Overview
The Weber group will investigate the electronic and geometric structures of selected ruthenium- and copper-based catalysts for water oxidation, as well as of reaction intermediates in the catalytic cycle. Ions of catalysts and reaction intermediates are transferred into the gas phase by electrospray ionization. The ions are cooled in an ion trap, mass selected and irradiated by pulsed light, which is tunable throughout the mid-infrared, visible and near-ultraviolet spectrum. Photon absorption is monitored by photofragmentation of the target ions, allowing the measurement of their vibrational and electronic spectra. Cooling the ions to low temperatures is crucial to obtain the necessary spectroscopic detail. Vibrational spectra will result in structural information on the ions under study, which is particularly important for reaction intermediates. Measuring the electronic spectra of catalysts and reaction intermediates will aid clarification of speciation in reactive solutions. In addition, the excited state vibrational structure will help modeling excited state dynamics and reactivity.
Intellectual Merit
The generation of a sustainable energy economy is one of the most important technological advances to be attained in the next decades. One of the most promising avenues towards this goal is the electrochemical or photoelectrochemical conversion of carbon dioxide and water into chemically useable fuels. For this process to be economically viable, catalysts for the multielectron/multiproton redox chemistry need to be developed. In many approaches to this problem, catalytic water oxidation is used to supply the electrons and protons needed for solar fuel generation.

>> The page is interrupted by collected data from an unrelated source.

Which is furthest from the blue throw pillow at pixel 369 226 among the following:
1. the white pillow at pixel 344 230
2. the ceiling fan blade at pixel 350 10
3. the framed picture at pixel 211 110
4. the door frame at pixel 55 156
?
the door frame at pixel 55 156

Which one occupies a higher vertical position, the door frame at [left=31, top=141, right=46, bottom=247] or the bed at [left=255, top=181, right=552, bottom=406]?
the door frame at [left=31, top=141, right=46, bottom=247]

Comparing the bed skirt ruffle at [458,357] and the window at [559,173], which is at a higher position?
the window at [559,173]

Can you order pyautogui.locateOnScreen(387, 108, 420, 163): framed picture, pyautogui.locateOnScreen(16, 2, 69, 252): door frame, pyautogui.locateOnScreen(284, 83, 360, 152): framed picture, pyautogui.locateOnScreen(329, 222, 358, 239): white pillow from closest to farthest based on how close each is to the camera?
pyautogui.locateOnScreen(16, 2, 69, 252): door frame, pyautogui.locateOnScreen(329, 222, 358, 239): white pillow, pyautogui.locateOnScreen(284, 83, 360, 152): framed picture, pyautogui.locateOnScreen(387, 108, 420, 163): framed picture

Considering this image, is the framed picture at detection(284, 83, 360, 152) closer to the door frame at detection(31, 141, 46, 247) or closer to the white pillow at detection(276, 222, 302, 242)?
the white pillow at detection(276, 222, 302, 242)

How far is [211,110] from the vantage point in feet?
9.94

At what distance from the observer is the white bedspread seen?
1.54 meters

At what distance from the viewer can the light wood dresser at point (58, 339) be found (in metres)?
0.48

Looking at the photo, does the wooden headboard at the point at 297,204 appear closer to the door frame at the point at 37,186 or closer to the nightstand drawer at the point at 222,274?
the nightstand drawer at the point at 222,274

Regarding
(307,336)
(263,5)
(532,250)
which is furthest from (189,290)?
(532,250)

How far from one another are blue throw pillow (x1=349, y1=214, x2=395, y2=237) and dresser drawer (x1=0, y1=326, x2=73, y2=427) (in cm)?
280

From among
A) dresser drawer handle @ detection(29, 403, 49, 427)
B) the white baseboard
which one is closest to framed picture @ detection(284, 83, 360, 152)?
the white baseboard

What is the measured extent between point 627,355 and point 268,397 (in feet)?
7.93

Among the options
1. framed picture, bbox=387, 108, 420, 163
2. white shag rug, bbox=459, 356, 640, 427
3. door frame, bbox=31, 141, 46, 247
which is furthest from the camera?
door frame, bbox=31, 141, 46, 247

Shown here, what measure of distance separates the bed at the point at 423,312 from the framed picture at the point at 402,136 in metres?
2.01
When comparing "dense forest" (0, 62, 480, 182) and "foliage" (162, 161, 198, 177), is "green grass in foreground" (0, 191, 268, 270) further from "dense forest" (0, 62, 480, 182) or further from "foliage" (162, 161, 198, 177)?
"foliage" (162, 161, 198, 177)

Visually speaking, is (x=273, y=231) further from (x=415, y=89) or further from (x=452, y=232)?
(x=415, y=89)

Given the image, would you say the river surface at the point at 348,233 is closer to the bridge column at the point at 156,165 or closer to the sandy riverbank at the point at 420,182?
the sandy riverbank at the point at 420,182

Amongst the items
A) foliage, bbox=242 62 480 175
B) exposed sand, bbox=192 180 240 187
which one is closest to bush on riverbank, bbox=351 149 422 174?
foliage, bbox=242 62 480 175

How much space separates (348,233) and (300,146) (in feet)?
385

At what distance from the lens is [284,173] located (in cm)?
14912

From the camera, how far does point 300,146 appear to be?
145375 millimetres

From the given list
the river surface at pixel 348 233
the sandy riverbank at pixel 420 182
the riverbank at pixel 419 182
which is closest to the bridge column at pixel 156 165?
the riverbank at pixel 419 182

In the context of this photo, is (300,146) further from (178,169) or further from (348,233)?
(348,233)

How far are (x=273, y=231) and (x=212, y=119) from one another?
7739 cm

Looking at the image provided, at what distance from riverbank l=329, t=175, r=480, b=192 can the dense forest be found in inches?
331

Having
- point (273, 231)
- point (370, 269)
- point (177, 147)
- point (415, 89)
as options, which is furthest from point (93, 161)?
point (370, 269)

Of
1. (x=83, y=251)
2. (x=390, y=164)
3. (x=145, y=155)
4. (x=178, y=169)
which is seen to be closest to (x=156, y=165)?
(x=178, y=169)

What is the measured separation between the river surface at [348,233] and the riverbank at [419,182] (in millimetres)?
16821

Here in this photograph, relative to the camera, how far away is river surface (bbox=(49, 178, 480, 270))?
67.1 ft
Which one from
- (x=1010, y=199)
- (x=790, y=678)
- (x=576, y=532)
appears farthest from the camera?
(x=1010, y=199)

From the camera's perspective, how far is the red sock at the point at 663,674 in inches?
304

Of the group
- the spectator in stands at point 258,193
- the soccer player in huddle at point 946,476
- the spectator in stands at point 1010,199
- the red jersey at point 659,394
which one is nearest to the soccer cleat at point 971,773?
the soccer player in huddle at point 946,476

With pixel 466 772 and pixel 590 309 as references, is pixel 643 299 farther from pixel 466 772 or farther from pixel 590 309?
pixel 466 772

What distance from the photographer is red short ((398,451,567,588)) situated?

However, the molecular-level mechanisms involving the different steps in the catalytic cycle are often poorly understood, hindering the rational design of such catalysts.
One of the main problems on the road to understanding the mechanisms underlying these catalytic processes is that many different species are present in reactive solutions, making condensed phase identification and study of key molecules and reaction intermediates very difficult. Since homogeneous catalysts and reaction intermediates in water oxidation catalysis are often ions, an elegant way to circumvent this issue is to selectively prepare and study the species of interest in the gas phase. Mass spectrometric preparation of ions from solutions in concert with laser spectroscopy is a powerful approach to do this.
Broader Impacts
The chemistry explored in the proposed work will be of considerable benefit to many areas of science, particularly to chemical energy science and chemical engineering. Under the assumption that many areas of technology will continue to depend on the use of carbon based chemical fuels for the foreseeable future, environmental as well as economic and geopolitical pressures call for the development of fuel sources independent from fossil fuels. The understanding of the reactions at play in solar fuels catalysis will aid in the development of new catalysts for the generation of chemical fuels from sustainable sources.
Additionally, the proposed work has important educational aspects. In addition to the laboratory research, an educational JAVA applet will be developed to enhance student understanding of the quantum mechanical treatment of angular momentum. The experiments, computational research and the JAVA applet development will be carried out by graduate student researchers. This will contribute to the education of the next generation of scientists who will be trained in a broad range of laboratory techniques as well as interactive teaching technology.
The PI will be involved in the enormously successful CU Wizards outreach program. This is a continuing Saturday morning lecture series that treats topics in astronomy, chemistry, engineering, and physics, and is intended primarily for students in grades five through nine. The PI contributes an interactive lecture to this series with many experimental demonstrations, introducing the audience to the world of buoyancy and water displacement.